The people living in what is now Northern Scotland in the Late Roman and early medieval period were known to their Latin-speaking neighbours (and, by extension, to us) as Picts. They spoke a distinct language, but little if any of it survives. A small number of Pictish inscriptions using the Irish script called ogham are known. What can these tell us about the lost language of the Picts?

Evidence

Inscriptions

Most of the surviving Pictish inscriptions use the Ogham script, which was invented in Ireland perhaps around the fourth century and introduced to what is now mainland Scotland via Dal Riada (an Irish-speaking early medieval kingdom in roughly the area of modern Argyll, see map). Ogham is written by making straight strokes across, sloping from or perpendicular to a guideline, originally the edge of a stone.
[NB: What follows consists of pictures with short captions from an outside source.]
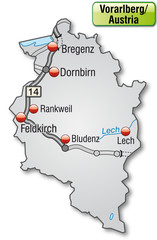 Autobahnkarte von Vorarlberg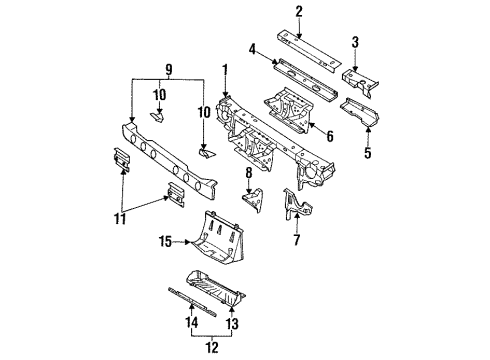 1991 Saturn SC Radiator Support Diagram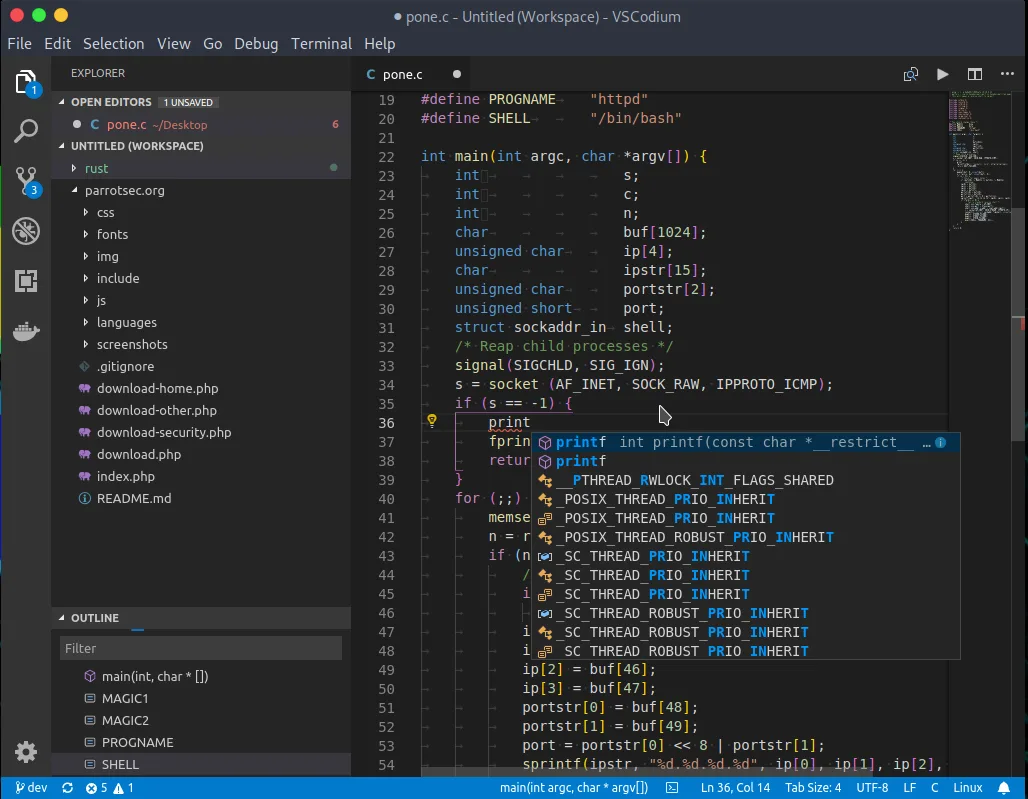 VSCodium interface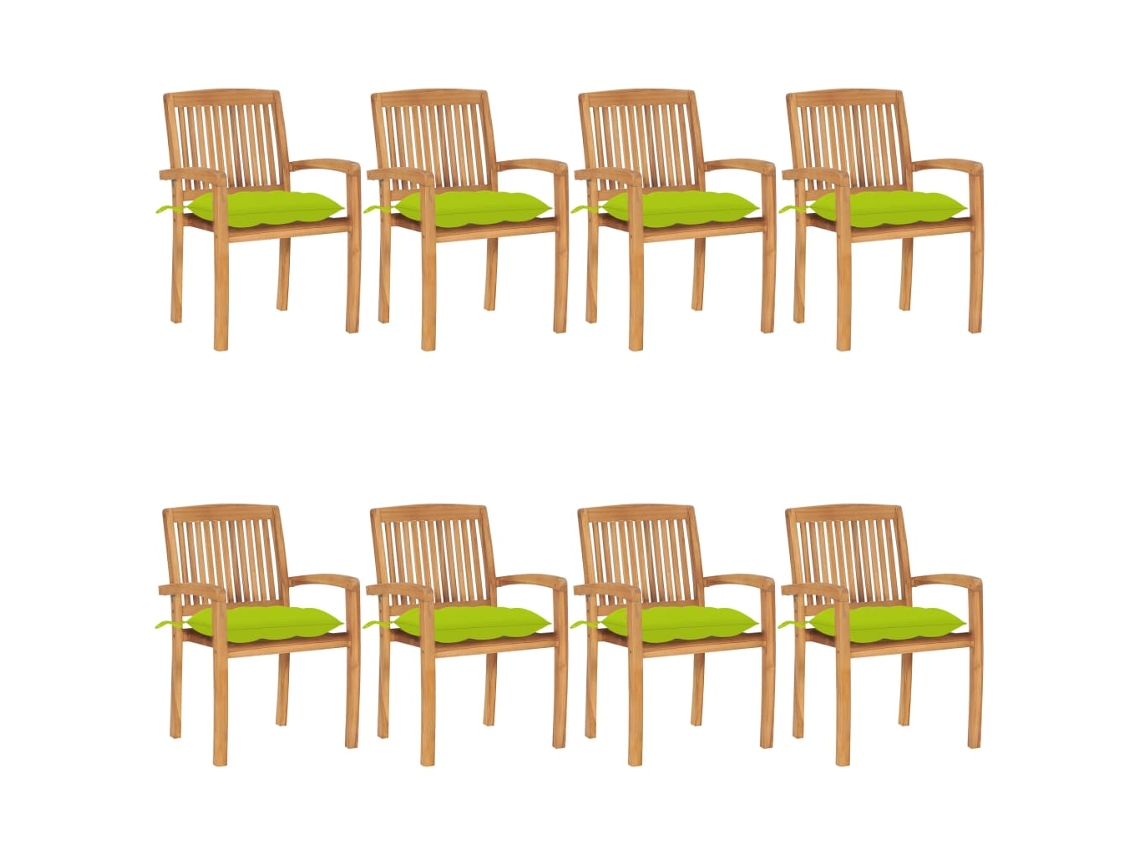Sillas de jardín apilables DKD Home Decor de 8 piezas con cojines de teca maciza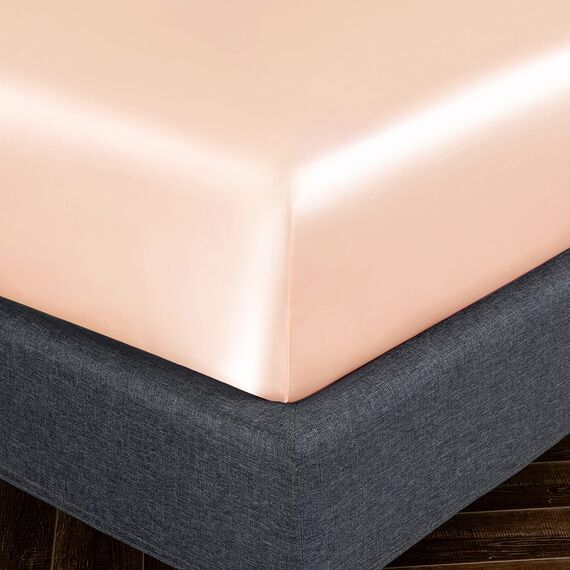 Homiest 3-teiliges Satin-Bettwäsche-Set, luxuriöses, seidiges Satin-Bettwäsche-Set mit tiefer Tasche, 1 Spannbetttuch + 1 Bettlaken + 1 Kissenbezüge (Doppelbettgröße, Champagner)
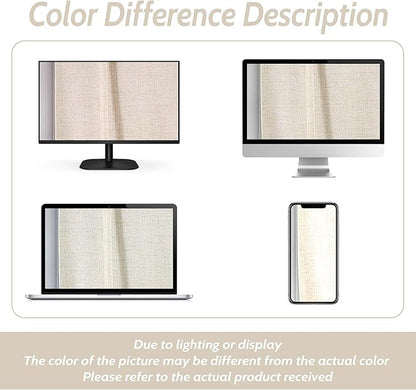 DriftAway Double Layer Linen Blackout Tie Up Curtains Thermal Insulated Fully Lined Balloon Roman Shade Bathroom Window Adjustable Rod Pocket for Small Window 45 Inch by 63 Inch Beige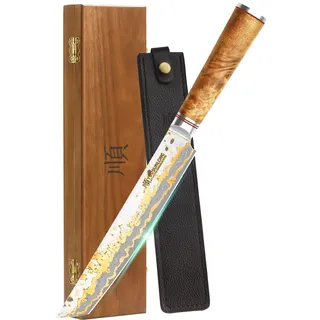 YOUSUNLONG Sashimi-Schneidemesser - 215mm Sujihiki Yanagiba Messer - Superscharfer Schnitt - Japanische handgefertigte Kupfer-Damaszener-Stahl Klinge - Naturel Burl Holzgriff mit Leder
Twenty-nine Pictish ogham inscriptions have been found, mostly on stones, with three on knife handles (Bac Mhic Connain, Hebrides; Aikerness, Orkney; Weeting, Norfolk) and one on a spindle whorl (Buckquoy, Orkney). Pictish ogham started out closely following the Irish, but later developed more ornate forms and began to be carved on a guideline on the face of the stone instead of along its edge. Most Pictish ogham inscriptions are believed to date from the seventh to tenth centuries (Laing & Laing 2001).

Where they have been deciphered the ogham inscriptions appear to record names, some P-Celtic (Brittonic), some Q-Celtic (Gaelic). Sometimes words of apparently Irish derivation appear, e.g. “meqq” which is thought to be related to Irish “maqq” meaning “son of”. One from Bressay, Shetland, contains “crroscc” thought to be the Irish word for “cross” and “dattr” which is thought to be the Norse for “daughter”.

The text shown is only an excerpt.